Internet Addiction (IA) constitutes an excessive Internet use behavior with a significant impact on the user’s well-being. Online flow describes the users’ level of being absorbed by their online activity. The present study investigated age-related, gender, and flow effects on IA in adolescence. The sample comprised 648 adolescents who were assessed twice at age 16 and 18 years. IA was assessed using the Internet Addiction Test and online flow was assessed using the Online Flow Questionnaire. A three-level hierarchical model estimated age-related, gender, and online flow effects on IA symptoms and controlled for clustered random effects. IA symptoms decreased over time (for both genders) with a slower rate in males. Online flow was associated with IA symptoms and this remained consistent over time. Findings expand upon the available literature suggesting that IA symptoms could function as a development-related manifestation at the age of 16 years, while IA-related gender differences gradually increase between 16 and 18 years.

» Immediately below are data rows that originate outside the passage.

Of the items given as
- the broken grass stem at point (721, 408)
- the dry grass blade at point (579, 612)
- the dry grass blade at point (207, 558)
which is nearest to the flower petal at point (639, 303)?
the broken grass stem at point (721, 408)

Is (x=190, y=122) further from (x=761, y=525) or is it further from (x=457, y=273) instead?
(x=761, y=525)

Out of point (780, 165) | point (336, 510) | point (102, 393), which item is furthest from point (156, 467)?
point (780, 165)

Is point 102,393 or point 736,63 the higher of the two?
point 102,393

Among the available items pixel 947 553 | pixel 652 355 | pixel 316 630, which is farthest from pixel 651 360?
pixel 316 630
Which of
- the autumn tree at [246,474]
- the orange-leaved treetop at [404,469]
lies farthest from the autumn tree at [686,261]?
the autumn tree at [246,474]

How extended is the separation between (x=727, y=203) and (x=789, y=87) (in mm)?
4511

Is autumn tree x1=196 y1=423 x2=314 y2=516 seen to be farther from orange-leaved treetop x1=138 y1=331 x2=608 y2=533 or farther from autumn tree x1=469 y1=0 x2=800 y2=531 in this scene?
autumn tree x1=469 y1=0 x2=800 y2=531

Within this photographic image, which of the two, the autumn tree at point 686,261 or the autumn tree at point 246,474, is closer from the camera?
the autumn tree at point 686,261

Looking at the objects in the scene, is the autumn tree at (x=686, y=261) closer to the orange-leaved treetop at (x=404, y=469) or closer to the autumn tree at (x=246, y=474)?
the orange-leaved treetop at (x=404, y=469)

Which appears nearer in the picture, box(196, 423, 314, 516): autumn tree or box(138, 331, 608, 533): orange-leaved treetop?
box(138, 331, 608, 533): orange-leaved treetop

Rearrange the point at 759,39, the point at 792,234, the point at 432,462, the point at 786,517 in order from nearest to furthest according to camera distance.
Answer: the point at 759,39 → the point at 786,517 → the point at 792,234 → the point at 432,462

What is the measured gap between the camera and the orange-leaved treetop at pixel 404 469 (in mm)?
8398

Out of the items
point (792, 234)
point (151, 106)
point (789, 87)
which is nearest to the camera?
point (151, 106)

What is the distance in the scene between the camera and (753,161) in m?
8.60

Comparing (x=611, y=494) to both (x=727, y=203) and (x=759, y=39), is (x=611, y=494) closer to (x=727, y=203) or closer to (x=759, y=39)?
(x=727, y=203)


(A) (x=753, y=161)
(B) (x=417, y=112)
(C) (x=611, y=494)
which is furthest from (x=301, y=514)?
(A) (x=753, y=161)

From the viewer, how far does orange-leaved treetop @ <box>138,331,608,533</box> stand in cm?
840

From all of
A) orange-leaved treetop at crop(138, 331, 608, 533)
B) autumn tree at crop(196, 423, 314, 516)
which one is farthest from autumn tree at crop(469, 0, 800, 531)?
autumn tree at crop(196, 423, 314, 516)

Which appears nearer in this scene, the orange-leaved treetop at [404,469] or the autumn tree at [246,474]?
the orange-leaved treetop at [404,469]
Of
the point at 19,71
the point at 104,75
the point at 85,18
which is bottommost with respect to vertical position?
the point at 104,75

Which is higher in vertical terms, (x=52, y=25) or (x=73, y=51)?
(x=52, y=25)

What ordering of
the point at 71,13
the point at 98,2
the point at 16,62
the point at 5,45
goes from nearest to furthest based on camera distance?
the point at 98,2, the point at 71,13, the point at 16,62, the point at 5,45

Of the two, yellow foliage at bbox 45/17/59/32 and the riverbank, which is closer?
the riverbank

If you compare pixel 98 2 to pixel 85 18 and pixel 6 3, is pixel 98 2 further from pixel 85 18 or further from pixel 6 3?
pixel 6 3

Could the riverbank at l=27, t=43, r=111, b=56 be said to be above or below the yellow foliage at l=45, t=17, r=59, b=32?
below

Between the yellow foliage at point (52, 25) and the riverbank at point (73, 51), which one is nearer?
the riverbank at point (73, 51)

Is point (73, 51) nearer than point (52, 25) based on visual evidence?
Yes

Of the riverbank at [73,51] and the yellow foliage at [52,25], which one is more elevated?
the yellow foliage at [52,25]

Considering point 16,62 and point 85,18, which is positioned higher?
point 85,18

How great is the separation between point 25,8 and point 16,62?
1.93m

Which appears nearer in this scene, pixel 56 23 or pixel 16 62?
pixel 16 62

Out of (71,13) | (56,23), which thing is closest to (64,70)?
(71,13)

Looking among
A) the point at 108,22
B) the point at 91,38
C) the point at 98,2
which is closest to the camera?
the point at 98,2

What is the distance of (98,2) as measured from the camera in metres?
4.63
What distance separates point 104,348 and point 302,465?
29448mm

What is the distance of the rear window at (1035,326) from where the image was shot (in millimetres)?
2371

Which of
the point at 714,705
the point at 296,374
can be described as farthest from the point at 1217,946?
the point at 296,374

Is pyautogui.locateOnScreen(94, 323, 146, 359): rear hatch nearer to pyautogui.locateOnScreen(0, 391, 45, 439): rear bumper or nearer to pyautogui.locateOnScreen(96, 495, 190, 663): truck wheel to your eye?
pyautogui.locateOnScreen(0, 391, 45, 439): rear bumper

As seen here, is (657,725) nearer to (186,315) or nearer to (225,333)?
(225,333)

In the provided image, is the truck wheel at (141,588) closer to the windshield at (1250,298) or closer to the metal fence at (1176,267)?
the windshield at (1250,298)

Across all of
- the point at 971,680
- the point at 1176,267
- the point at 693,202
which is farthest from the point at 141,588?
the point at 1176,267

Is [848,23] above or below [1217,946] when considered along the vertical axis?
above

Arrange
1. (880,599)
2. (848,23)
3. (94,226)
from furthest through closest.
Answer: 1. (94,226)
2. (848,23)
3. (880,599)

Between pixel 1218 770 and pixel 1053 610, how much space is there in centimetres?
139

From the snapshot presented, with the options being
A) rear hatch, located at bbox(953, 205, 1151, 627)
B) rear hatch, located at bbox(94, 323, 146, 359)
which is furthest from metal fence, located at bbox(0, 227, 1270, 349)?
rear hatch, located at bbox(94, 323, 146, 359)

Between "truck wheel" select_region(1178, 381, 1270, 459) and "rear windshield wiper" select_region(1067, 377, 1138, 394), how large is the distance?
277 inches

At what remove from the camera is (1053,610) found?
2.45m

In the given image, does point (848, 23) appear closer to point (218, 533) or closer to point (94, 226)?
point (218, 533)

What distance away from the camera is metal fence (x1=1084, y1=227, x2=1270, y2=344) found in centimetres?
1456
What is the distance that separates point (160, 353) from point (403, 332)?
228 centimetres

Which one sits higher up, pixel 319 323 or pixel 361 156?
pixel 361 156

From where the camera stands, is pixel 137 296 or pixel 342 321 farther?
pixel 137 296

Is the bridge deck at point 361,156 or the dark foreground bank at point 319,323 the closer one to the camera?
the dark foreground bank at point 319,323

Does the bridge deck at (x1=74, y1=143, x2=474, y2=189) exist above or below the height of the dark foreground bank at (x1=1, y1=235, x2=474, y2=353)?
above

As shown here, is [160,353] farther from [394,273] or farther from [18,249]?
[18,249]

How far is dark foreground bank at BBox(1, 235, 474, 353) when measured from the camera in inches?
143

Finally, the association between online flow and IA symptoms remained stable independent of age-related effects. The study highlights individual differences and provides directions for more targeted prevention and intervention initiatives for IA.

Suggested Citation

  • Vasileios Stavropoulos & Mark D. Griffiths & Tyrone L. Burleigh & Daria J. Kuss & Young Yim Doh & Rapson Gomez, 2018. "Flow on the Internet: a longitudinal study of Internet addiction symptoms during adolescence," Behaviour and Information Technology, Taylor & Francis Journals, vol. 37(2), pages 159-172, February.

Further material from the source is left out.